====== Information shown

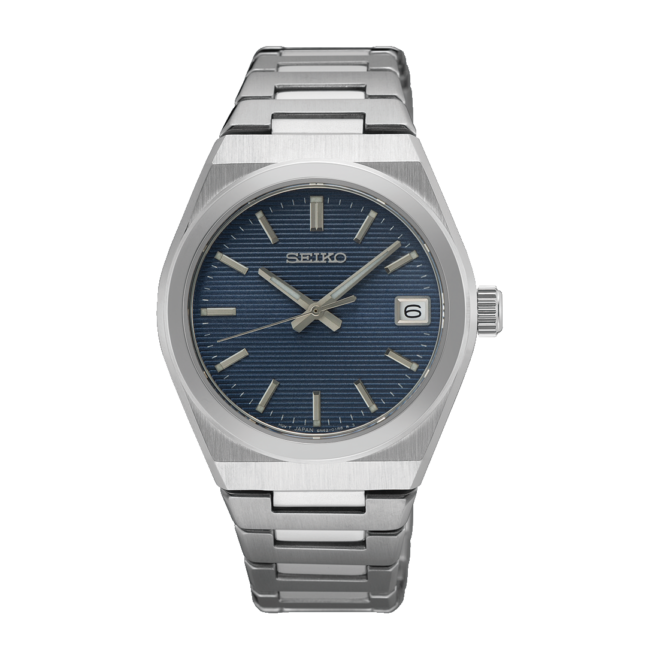 Seiko SUR575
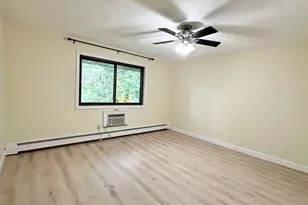 12 Strawberry Bank Rd, Nashua, NH 03062 - Photo 7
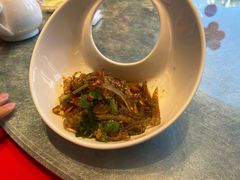-79号渔船海鲜饭店(龙岗店)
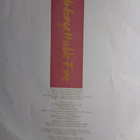 U2 : The Unforgettable Fire. - pikkukuva 3
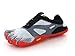 Vibram FiveFingers ELX-LS Youth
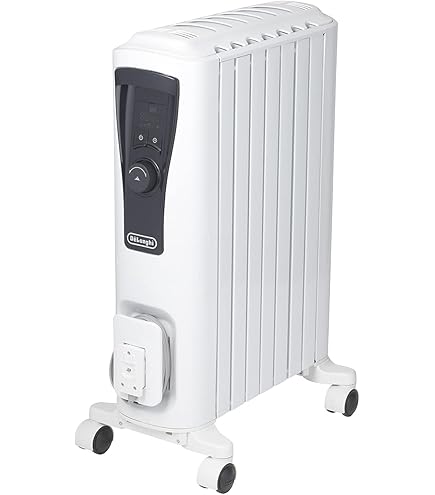 Amazon | デロンギ (DeLonghi) ドラゴンデジタルスマート オイル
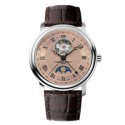 FREDERIQUE CONSTANT CLASSICS HEART MOONPHASE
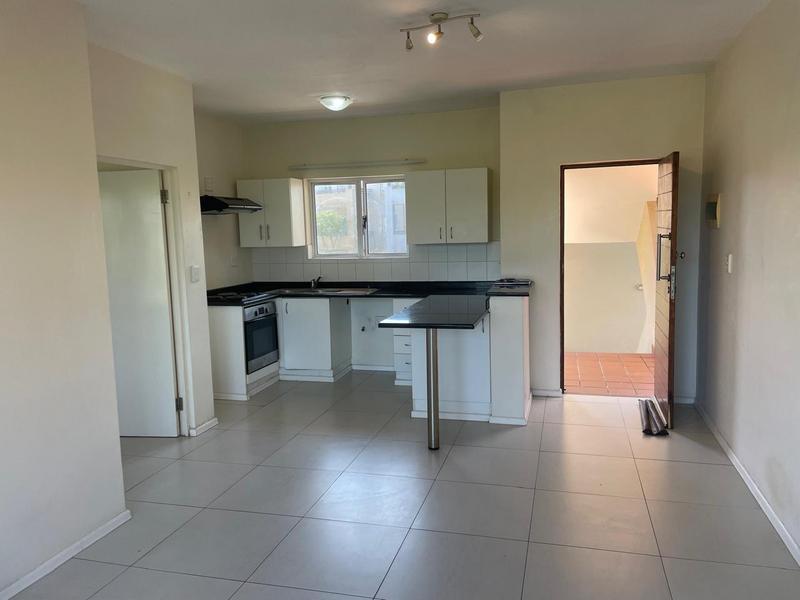 1 Bedroom Property for Sale in Sheffield Beach KwaZulu-Natal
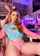 teen blond cute
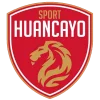 Sport Huancayo B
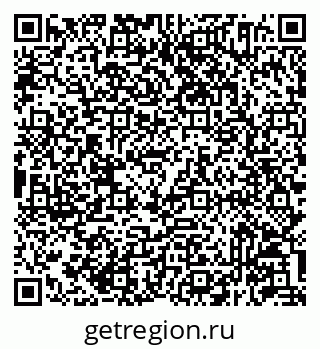 79293144139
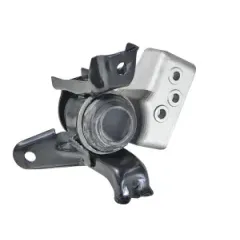 Подушка двигателя правая Lifan Solano BAC1001410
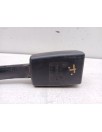 Recambio de enganche cinturon para seat leon (1p1) reference referencia OEM IAM 5P0857756F  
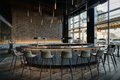 Additional image 20 of 180 N Ada St, Chicago, IL, 60607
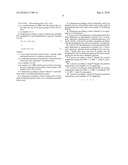 POLYETHYLENE IMINE BASED DENDRITIC DISPERSANT diagram and image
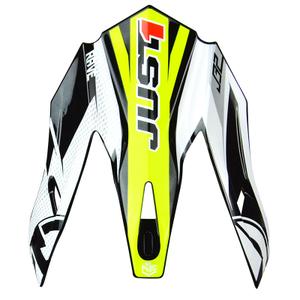 17123-00-686-motorcykelhjalm-inredning-peak-pro-just1-j22-neon-yellow-black-tu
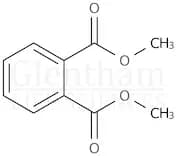 Dimethyl phthalate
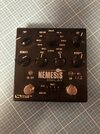 Source Audio Nemesis Delay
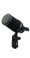 Heil Sound PR 31 BW Large Diameter Dynamic Microphone - Image 3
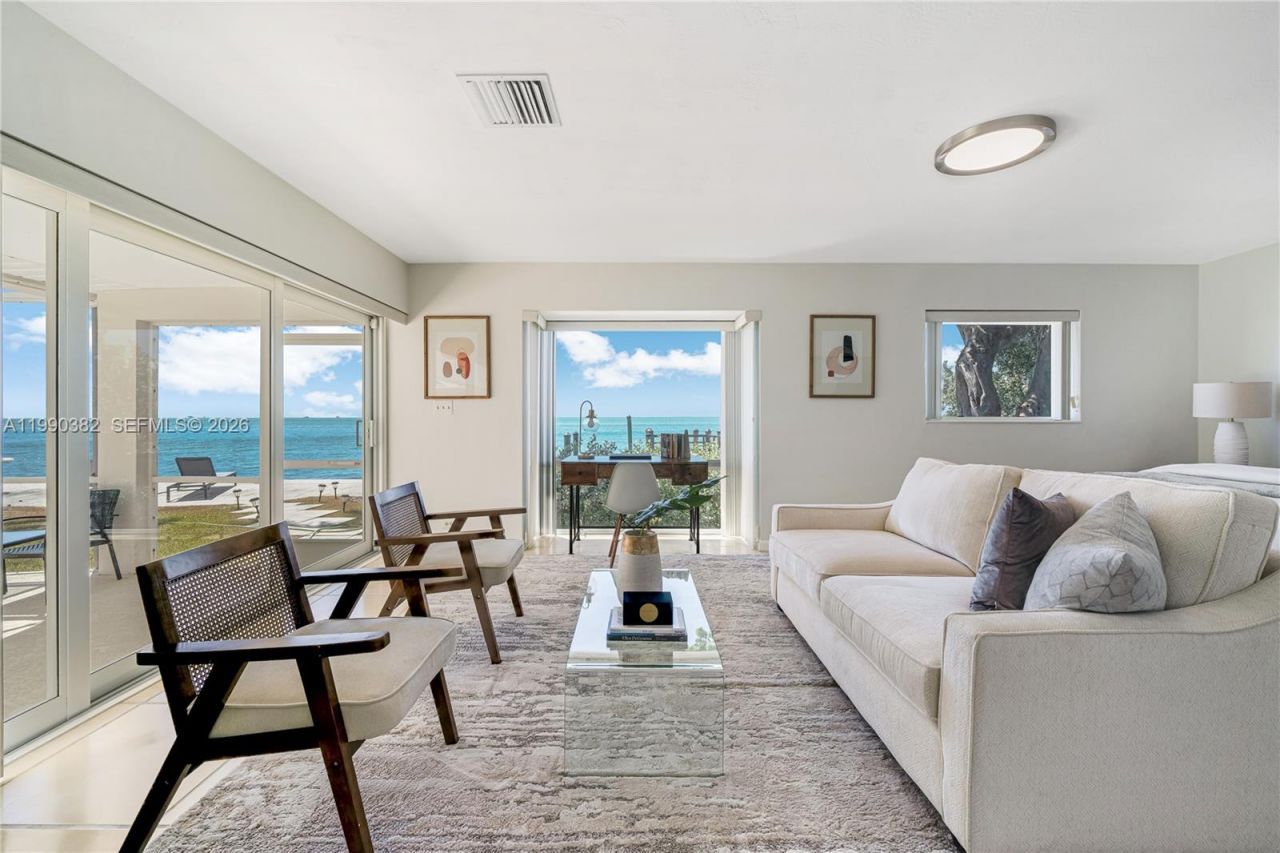 640 S Mashta Dr, Key Biscayne, FL 33149 Photo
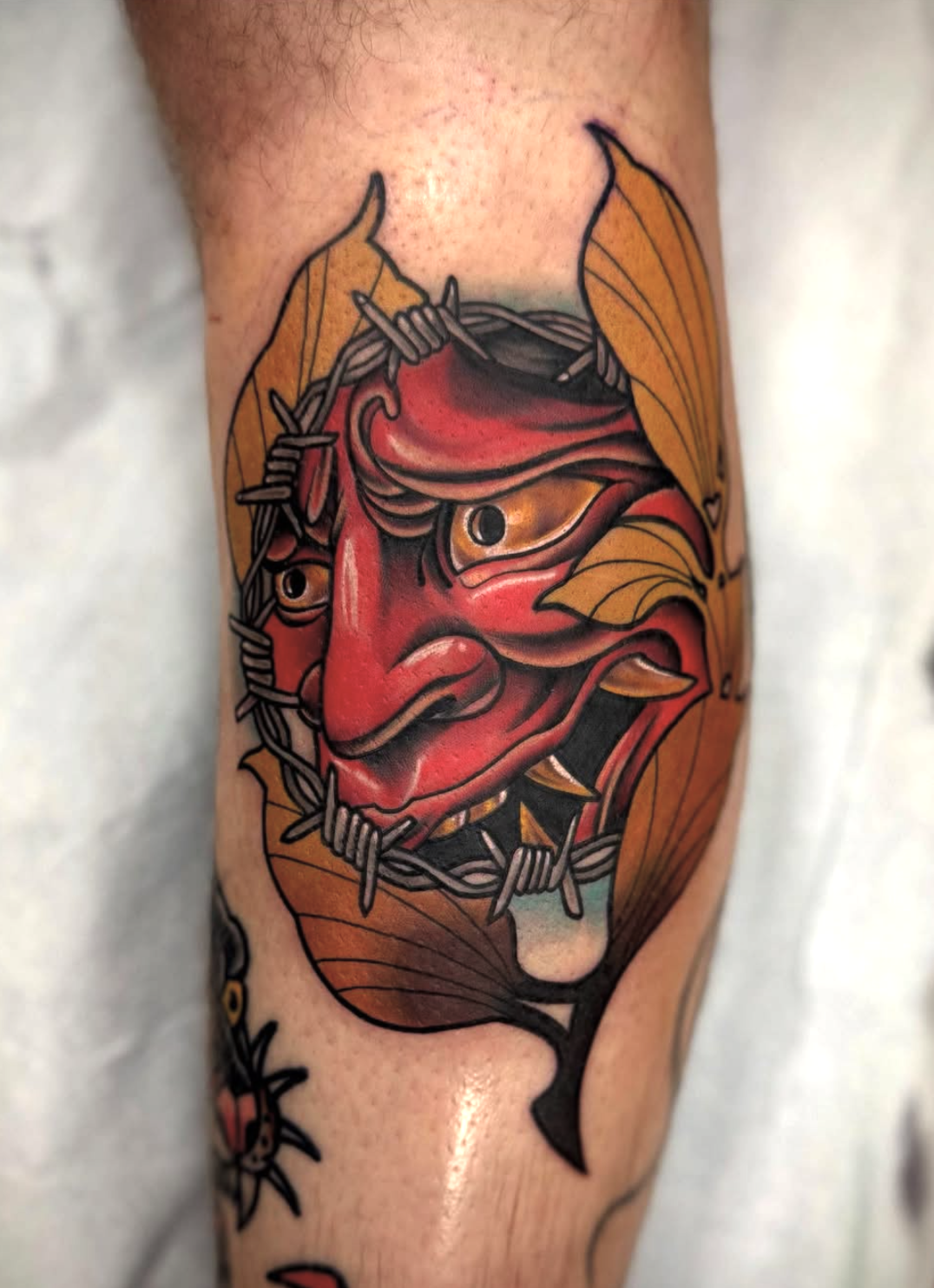 Screenshot 2026-03-03 at 6.01.22 PM.png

============

▶ Directions: Reproduce the lines of the listing exactly, starting at the one that contains "Amazon | デロンギ (DeLonghi) ドラゴンデジタルスマート オイル" and continuing through the final line, but leave out the pictures.

▶ Answer section:
 Amazon | デロンギ (DeLonghi) ドラゴンデジタルスマート オイル
 FREDERIQUE CONSTANT CLASSICS HEART MOONPHASE
 1 Bedroom Property for Sale in Sheffield Beach KwaZulu-Natal
 teen blond cute
 Sport Huancayo B
 79293144139
 Подушка двигателя правая Lifan Solano BAC1001410
 Recambio de enganche cinturon para seat leon (1p1) reference referencia OEM IAM 5P0857756F  
 Additional image 20 of 180 N Ada St, Chicago, IL, 60607
 POLYETHYLENE IMINE BASED DENDRITIC DISPERSANT diagram and image
 17123-00-686-motorcykelhjalm-inredning-peak-pro-just1-j22-neon-yellow-black-tu
 Dimethyl phthalate
 Source Audio Nemesis Delay
 Heil Sound PR 31 BW Large Diameter Dynamic Microphone - Image 3
 640 S Mashta Dr, Key Biscayne, FL 33149 Photo
 Screenshot 2026-03-03 at 6.01.22 PM.png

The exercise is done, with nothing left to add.